## Task to complete
Without the pictures, write out every entry that follows exactly.

## Task inputs

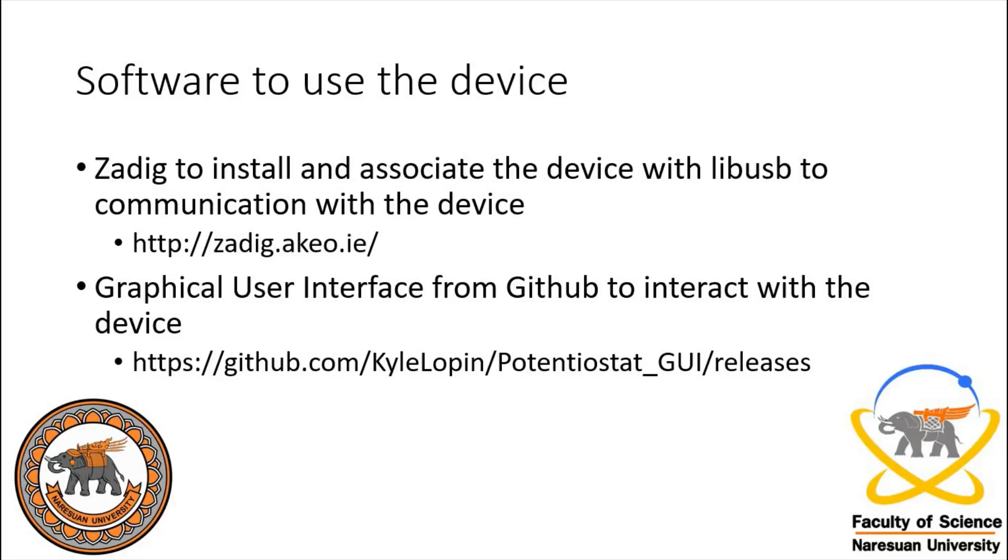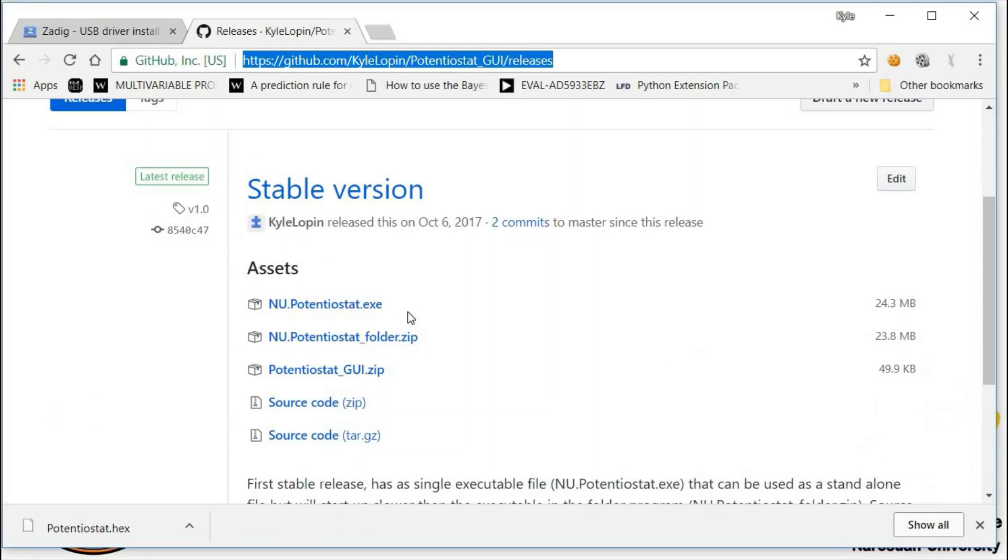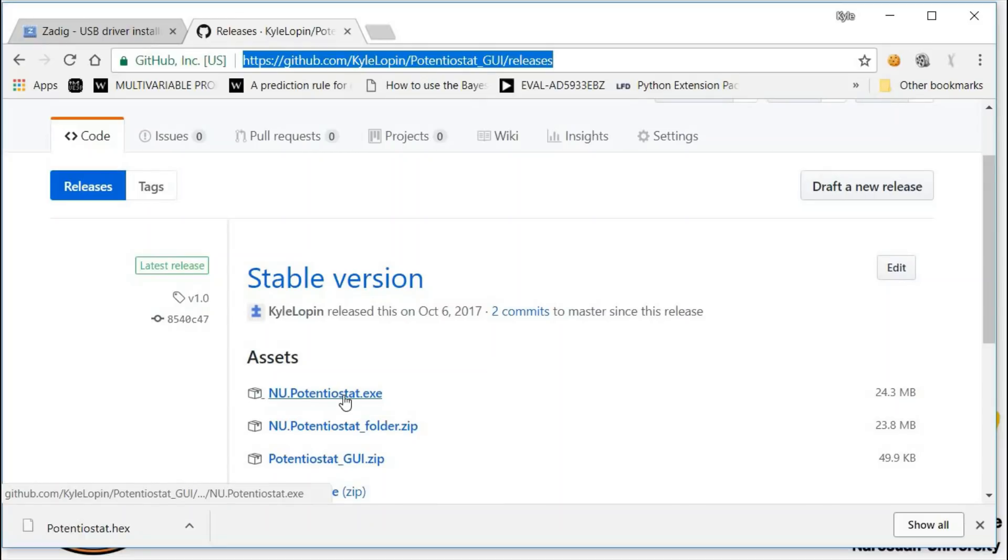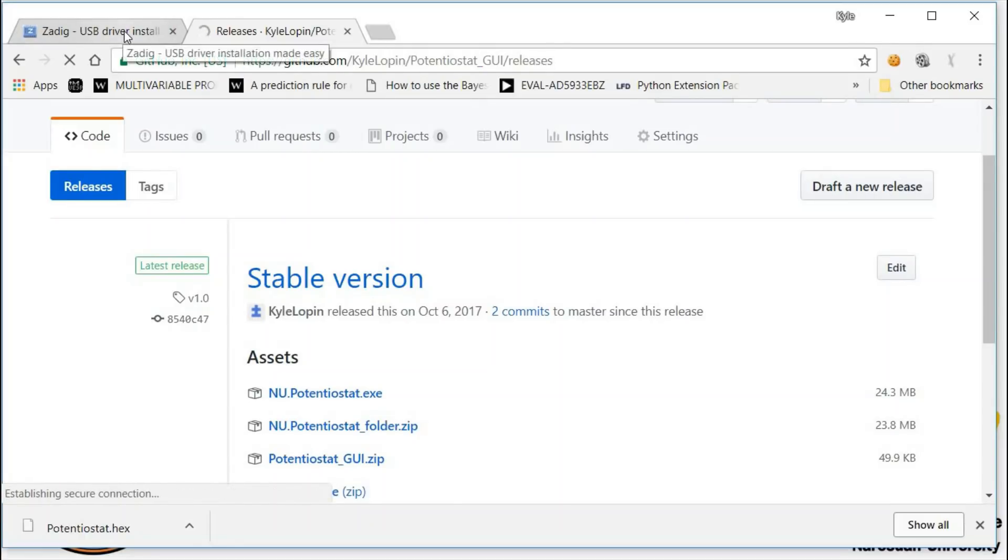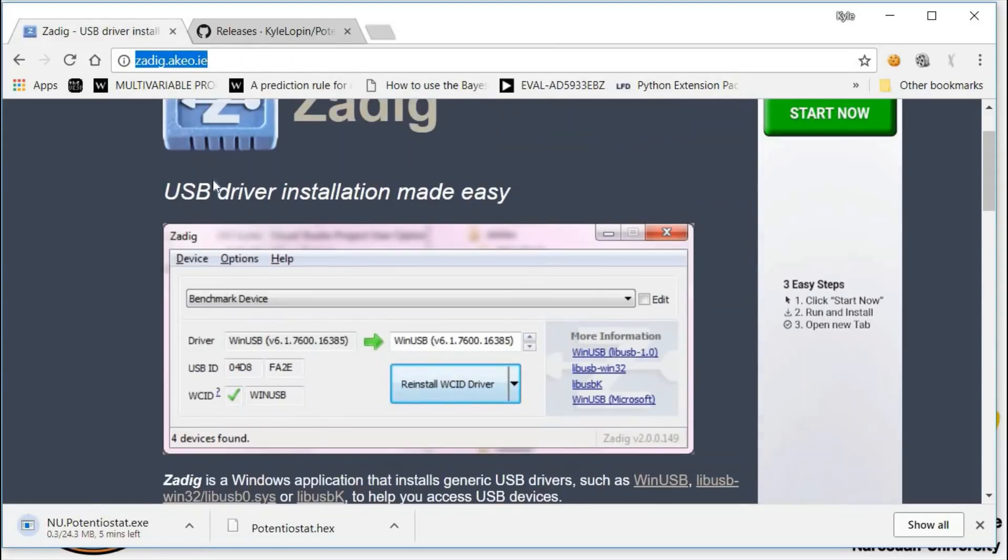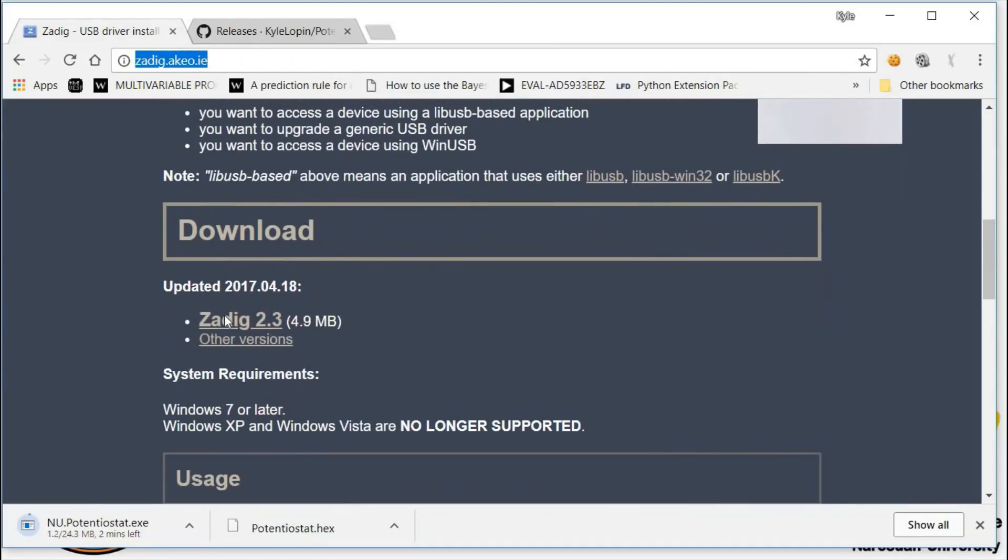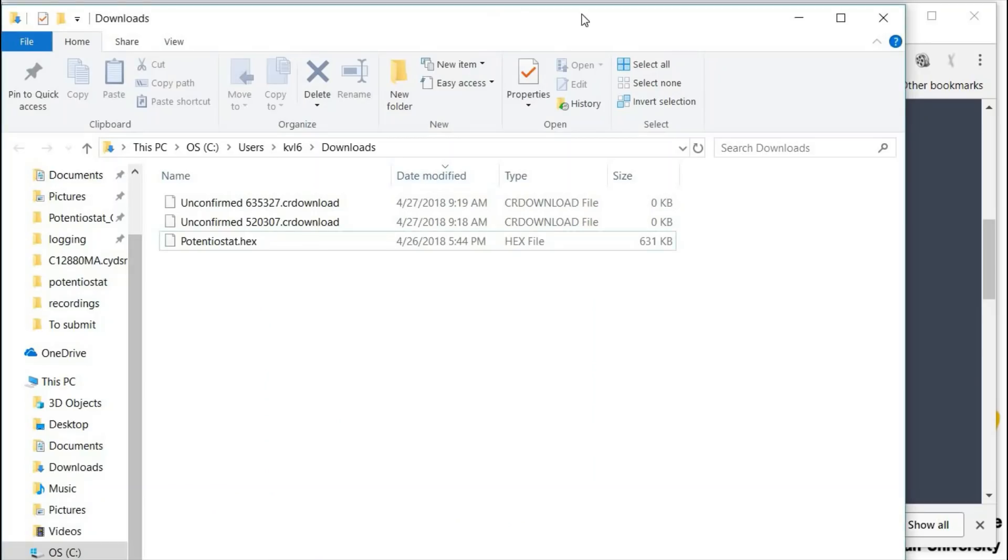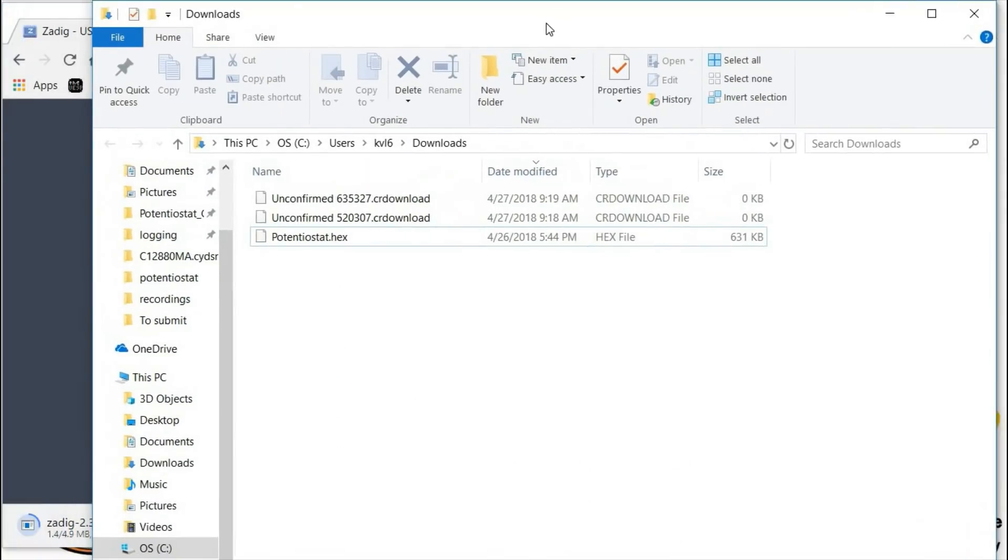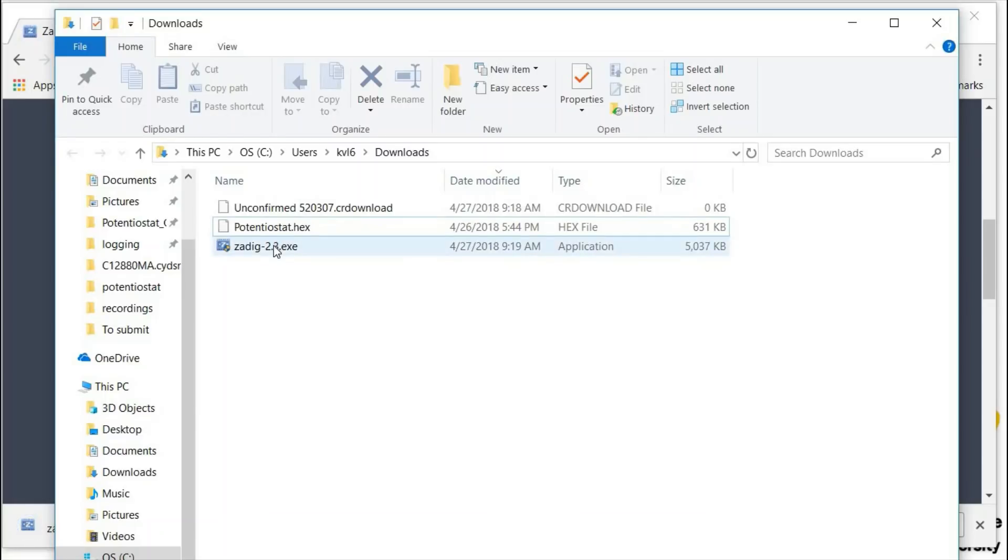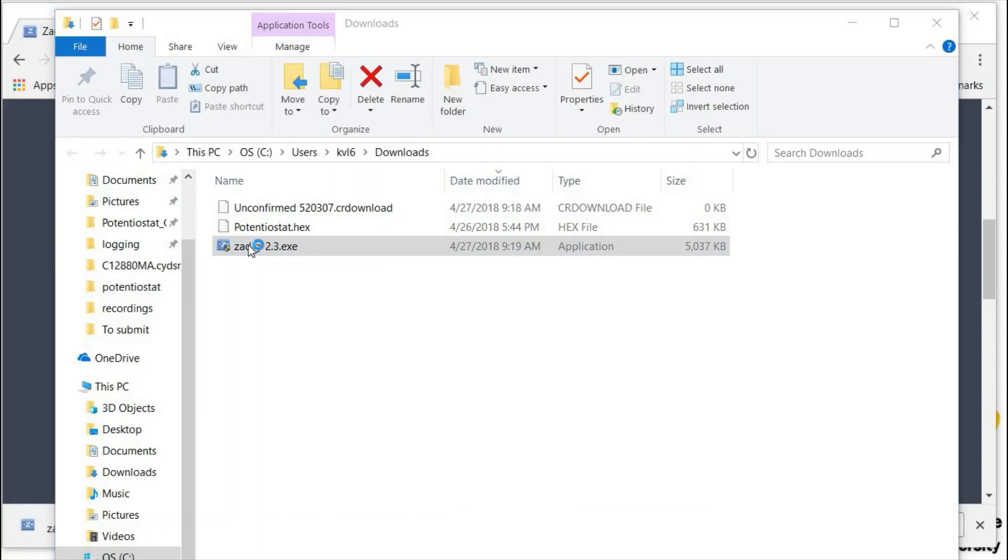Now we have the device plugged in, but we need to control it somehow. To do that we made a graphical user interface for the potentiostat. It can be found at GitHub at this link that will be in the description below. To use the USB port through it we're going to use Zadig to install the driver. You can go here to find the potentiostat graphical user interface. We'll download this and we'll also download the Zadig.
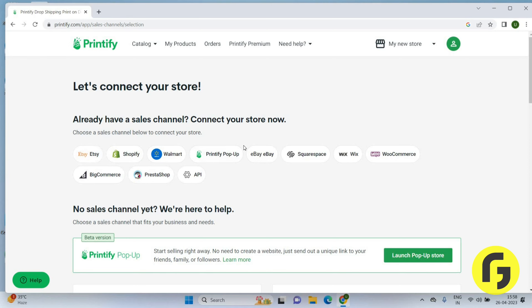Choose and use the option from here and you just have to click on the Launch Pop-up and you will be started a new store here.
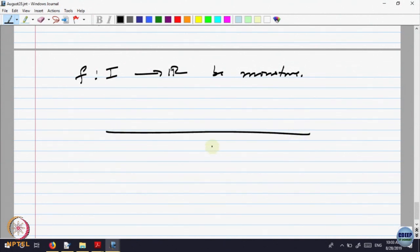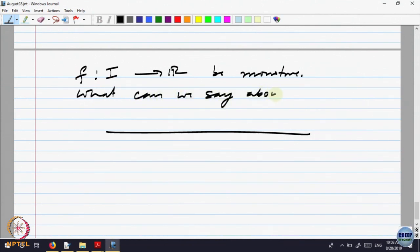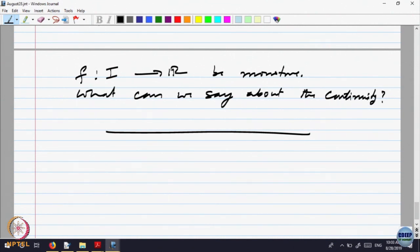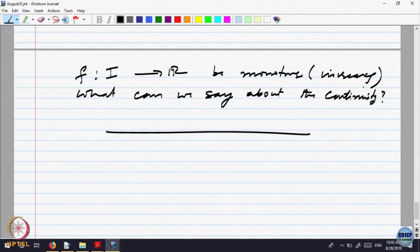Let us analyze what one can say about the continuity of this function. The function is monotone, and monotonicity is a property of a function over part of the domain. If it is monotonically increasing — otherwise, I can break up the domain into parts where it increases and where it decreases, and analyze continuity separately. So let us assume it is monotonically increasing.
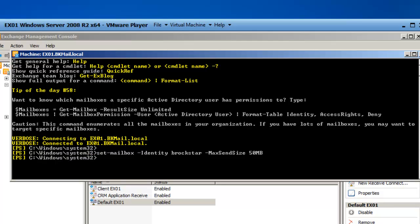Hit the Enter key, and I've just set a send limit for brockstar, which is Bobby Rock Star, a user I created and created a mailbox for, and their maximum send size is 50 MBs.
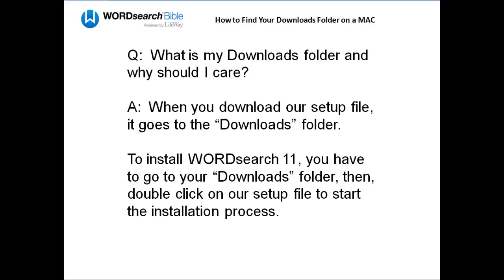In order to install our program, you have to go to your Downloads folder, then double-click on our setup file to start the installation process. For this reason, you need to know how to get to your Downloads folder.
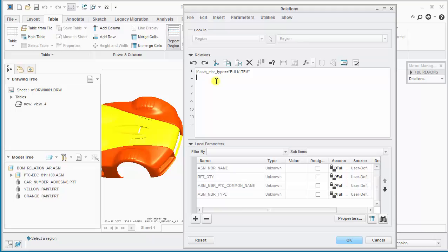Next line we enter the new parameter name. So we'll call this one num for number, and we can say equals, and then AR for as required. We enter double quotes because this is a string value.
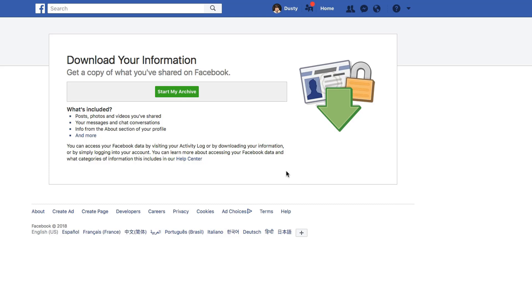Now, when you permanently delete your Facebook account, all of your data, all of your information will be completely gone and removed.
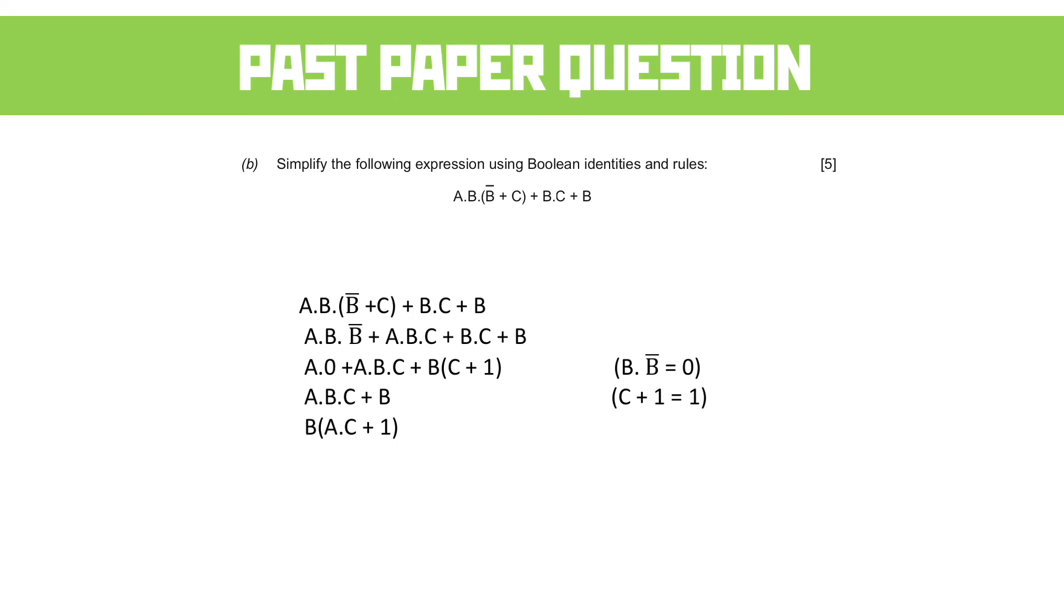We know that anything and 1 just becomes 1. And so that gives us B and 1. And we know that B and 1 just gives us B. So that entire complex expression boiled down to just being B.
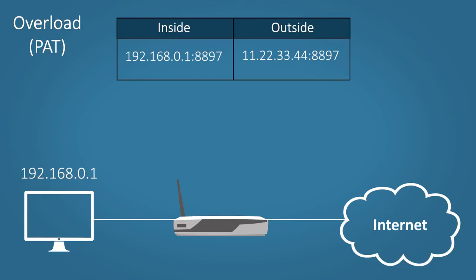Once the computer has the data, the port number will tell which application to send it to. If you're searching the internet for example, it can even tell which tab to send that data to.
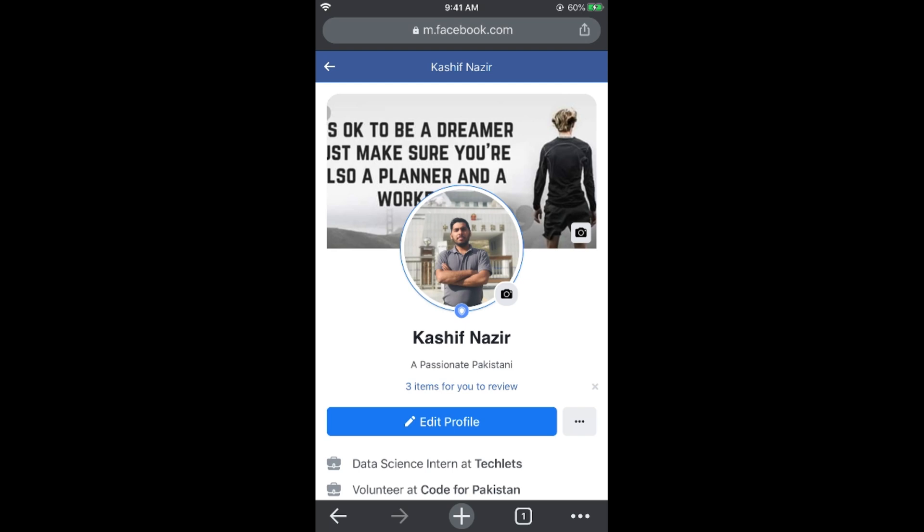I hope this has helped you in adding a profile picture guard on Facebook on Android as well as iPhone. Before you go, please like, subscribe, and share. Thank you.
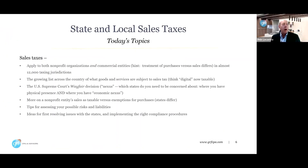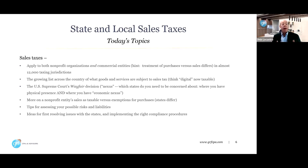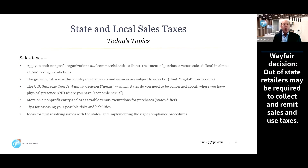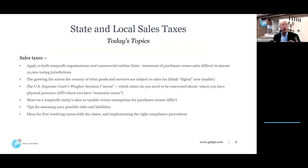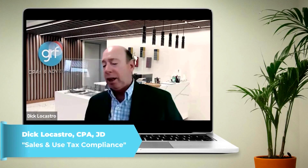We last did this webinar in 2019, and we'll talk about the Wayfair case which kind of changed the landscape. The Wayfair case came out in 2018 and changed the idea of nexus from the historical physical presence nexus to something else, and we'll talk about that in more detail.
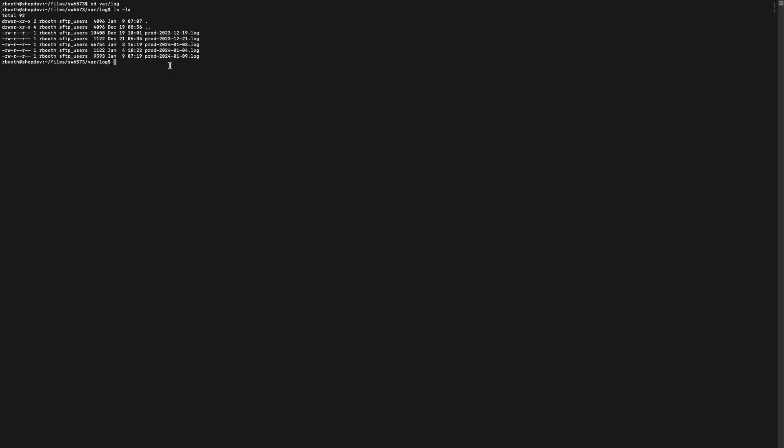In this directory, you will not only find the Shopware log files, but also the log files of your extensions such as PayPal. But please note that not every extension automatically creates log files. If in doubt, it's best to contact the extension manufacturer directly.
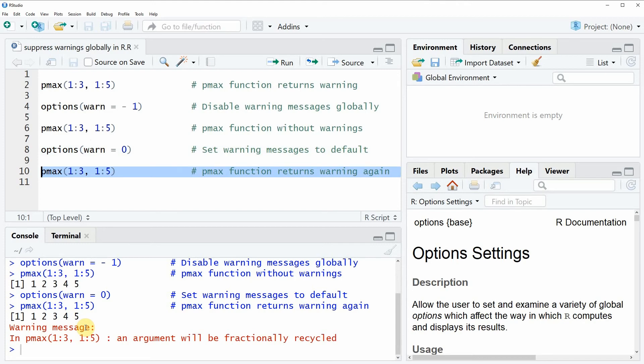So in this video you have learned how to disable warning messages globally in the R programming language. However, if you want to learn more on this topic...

## Your solution
Now we have the device plugged in, but we need to control it somehow. To do that we made a graphical user interface for the potentiostat. It can be found at GitHub at this link that will be in the description below. To use the USB port through it we're going to use Zadig to install the driver. You can go here to find the potentiostat graphical user interface. We'll download this and we'll also download the Zadig.
Choose and use the option from here and you just have to click on the Launch Pop-up and you will be started a new store here.
Let us analyze what one can say about the continuity of this function. The function is monotone, and monotonicity is a property of a function over part of the domain. If it is monotonically increasing — otherwise, I can break up the domain into parts where it increases and where it decreases, and analyze continuity separately. So let us assume it is monotonically increasing.
Hit the Enter key, and I've just set a send limit for brockstar, which is Bobby Rock Star, a user I created and created a mailbox for, and their maximum send size is 50 MBs.
In order to install our program, you have to go to your Downloads folder, then double-click on our setup file to start the installation process. For this reason, you need to know how to get to your Downloads folder.
Next line we enter the new parameter name. So we'll call this one num for number, and we can say equals, and then AR for as required. We enter double quotes because this is a string value.
Now, when you permanently delete your Facebook account, all of your data, all of your information will be completely gone and removed.
We know that anything and 1 just becomes 1. And so that gives us B and 1. And we know that B and 1 just gives us B. So that entire complex expression boiled down to just being B.
Once the computer has the data, the port number will tell which application to send it to. If you're searching the internet for example, it can even tell which tab to send that data to.
I hope this has helped you in adding a profile picture guard on Facebook on Android as well as iPhone. Before you go, please like, subscribe, and share. Thank you.
We last did this webinar in 2019, and we'll talk about the Wayfair case which kind of changed the landscape. The Wayfair case came out in 2018 and changed the idea of nexus from the historical physical presence nexus to something else, and we'll talk about that in more detail.
In this directory, you will not only find the Shopware log files, but also the log files of your extensions such as PayPal. But please note that not every extension automatically creates log files. If in doubt, it's best to contact the extension manufacturer directly.
So in this video you have learned how to disable warning messages globally in the R programming language. However, if you want to learn more on this topic...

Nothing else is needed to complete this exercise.